Император Николай II не задавался предвзятой целью переменить сверху донизу строение Русского государства. Он не стремился – применяя выражение "Московского сборника" – быть "архитектором" во что бы то ни стало и считал, что менять стоит на бесспорно лучшее. Но этот разумный консерватизм никогда не удерживал его от тех преобразований, которые представлялись ему целесообразными или необходимыми по общему ходу государственной жизни.

Он продолжал реформы, начатые при его отце, а также приступил к завершению некоторых учреждений, созданных еще при императоре Александре II. Винная монополия с каждым годом распространялась на большее число губерний; Судебные уставы 1864 г. были введены в Сибири и в Архангельской губернии в 1896 г., а за ближайшие годы и в остальных частях империи.
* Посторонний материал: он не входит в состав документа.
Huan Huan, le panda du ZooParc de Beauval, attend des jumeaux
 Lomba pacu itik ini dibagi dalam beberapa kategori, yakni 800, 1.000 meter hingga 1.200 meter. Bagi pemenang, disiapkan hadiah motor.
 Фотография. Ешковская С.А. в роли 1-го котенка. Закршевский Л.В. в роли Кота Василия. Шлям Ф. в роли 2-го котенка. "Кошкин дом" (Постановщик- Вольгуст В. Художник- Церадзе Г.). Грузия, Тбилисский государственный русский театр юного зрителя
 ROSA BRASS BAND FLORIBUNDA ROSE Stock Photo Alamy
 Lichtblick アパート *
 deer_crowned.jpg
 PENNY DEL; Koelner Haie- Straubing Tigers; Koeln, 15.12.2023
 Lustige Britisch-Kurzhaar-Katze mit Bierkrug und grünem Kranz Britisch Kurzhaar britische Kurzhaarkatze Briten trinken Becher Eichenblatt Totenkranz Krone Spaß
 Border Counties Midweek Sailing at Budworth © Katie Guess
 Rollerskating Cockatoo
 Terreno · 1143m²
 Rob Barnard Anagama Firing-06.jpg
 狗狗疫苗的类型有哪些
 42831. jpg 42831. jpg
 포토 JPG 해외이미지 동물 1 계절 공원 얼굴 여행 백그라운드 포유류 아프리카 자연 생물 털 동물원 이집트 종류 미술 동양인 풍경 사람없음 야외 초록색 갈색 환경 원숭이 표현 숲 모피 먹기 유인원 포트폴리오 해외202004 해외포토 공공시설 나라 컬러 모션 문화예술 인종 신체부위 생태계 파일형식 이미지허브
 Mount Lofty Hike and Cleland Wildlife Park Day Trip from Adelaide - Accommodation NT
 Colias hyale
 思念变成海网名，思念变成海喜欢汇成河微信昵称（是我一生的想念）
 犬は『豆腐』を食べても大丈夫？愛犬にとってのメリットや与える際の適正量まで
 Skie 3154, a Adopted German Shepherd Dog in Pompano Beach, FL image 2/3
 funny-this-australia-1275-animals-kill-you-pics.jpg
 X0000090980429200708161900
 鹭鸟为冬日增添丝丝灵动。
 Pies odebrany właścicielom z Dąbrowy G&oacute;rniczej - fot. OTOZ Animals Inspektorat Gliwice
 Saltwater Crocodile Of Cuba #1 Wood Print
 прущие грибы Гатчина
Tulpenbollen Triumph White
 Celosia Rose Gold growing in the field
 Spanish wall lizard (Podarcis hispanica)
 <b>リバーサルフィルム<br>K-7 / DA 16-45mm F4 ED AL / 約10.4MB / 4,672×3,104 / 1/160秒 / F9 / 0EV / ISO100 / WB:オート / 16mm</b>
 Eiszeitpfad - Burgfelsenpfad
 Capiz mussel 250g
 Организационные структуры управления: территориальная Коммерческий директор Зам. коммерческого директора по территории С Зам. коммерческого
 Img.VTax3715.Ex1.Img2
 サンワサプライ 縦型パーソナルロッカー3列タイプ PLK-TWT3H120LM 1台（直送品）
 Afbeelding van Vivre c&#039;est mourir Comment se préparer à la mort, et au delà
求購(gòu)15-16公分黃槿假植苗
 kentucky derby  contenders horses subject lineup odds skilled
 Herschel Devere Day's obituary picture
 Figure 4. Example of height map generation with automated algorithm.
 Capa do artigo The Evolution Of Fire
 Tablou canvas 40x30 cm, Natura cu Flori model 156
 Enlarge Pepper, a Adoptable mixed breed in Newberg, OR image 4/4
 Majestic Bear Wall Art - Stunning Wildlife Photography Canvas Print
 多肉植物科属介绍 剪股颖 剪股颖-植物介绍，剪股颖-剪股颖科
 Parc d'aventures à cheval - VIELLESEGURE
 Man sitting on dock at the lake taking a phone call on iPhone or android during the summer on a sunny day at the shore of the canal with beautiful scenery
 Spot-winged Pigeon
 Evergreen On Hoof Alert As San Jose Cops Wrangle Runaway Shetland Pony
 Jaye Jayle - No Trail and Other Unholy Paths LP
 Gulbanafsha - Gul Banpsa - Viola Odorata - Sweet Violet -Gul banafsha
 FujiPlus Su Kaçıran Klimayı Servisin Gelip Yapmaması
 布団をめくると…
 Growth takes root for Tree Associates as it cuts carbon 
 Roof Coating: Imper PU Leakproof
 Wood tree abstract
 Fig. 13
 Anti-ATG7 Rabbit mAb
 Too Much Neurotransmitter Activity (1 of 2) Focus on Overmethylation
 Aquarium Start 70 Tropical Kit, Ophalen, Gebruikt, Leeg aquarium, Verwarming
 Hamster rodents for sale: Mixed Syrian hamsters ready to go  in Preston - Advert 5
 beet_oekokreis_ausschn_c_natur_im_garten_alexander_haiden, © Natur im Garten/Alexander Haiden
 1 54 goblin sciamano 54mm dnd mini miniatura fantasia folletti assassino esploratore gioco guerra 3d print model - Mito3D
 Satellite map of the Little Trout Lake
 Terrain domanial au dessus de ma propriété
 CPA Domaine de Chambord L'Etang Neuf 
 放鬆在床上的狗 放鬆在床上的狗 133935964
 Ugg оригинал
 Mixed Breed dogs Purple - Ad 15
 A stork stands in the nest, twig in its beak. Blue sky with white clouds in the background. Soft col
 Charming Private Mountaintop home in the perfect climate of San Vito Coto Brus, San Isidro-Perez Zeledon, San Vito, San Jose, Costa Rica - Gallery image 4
Винная монополия, как, впрочем, все мероприятия русской власти, подвергалась жестокой критике со стороны весьма широких кругов русского общества. Говорили, что правительство "спаивает народ". Между тем монополия не имела непосредственного отношения ни к развитию, ни к уменьшению пьянства. И старая "откупная" система, и взимание акциза со спиртных напитков – система, существовавшая в России до введения монополии, – создавали особый класс людей, заинтересованных в увеличении сбыта крепких напитков. Государственная монополия продажи водки не пыталась ограничить ее потребления, но и не занималась искусственным увеличением спроса путем рекламы, торговли в кредит и т. д. В то же время – и в этом была главная цель реформы – монополия давала государству более значительный доход, чем прежние системы обложения, – не за счет увеличения пьянства, а путем присвоения себе той доли, которая раньше составляла барыш "посредников". Этот косвенный налог – существующий во всех странах в том или ином виде – шел полностью в государственную казну. Конечно, это было некоторым стеснением сферы частной предприимчивости – но это стеснение было оправдано не только интересами казны, но также и устранением наиболее безобразных форм "распивочной" продажи водки и основанной на них эксплуатации потребителей. В то же время государству при этой системе было гораздо легче, буде оно этого пожелало бы, провести ограничение или даже запрещение спиртных напитков, чем при системе частной торговли.

* * *

28 января 1897 г. была произведена Первая Всероссийская перепись населения. Раньше – еще в период крепостного права – бывали только весьма несовершенные "ревизии" (последняя в 1858 г.). Оказалось, впрочем, что приближенный статистический учет населения правительственными органами лишь немного отставал от действительности: "официально" считали около 120 миллионов населения, оказалось 126,4 миллиона (не считая 2 с половиной миллионов жителей Великого княжества Финляндского). Перепись дала огромный материал о вероисповедном и племенном составе населения, о его занятиях, о распространении грамотности и т. д. Разработка этих материалов растянулась затем на долгие годы.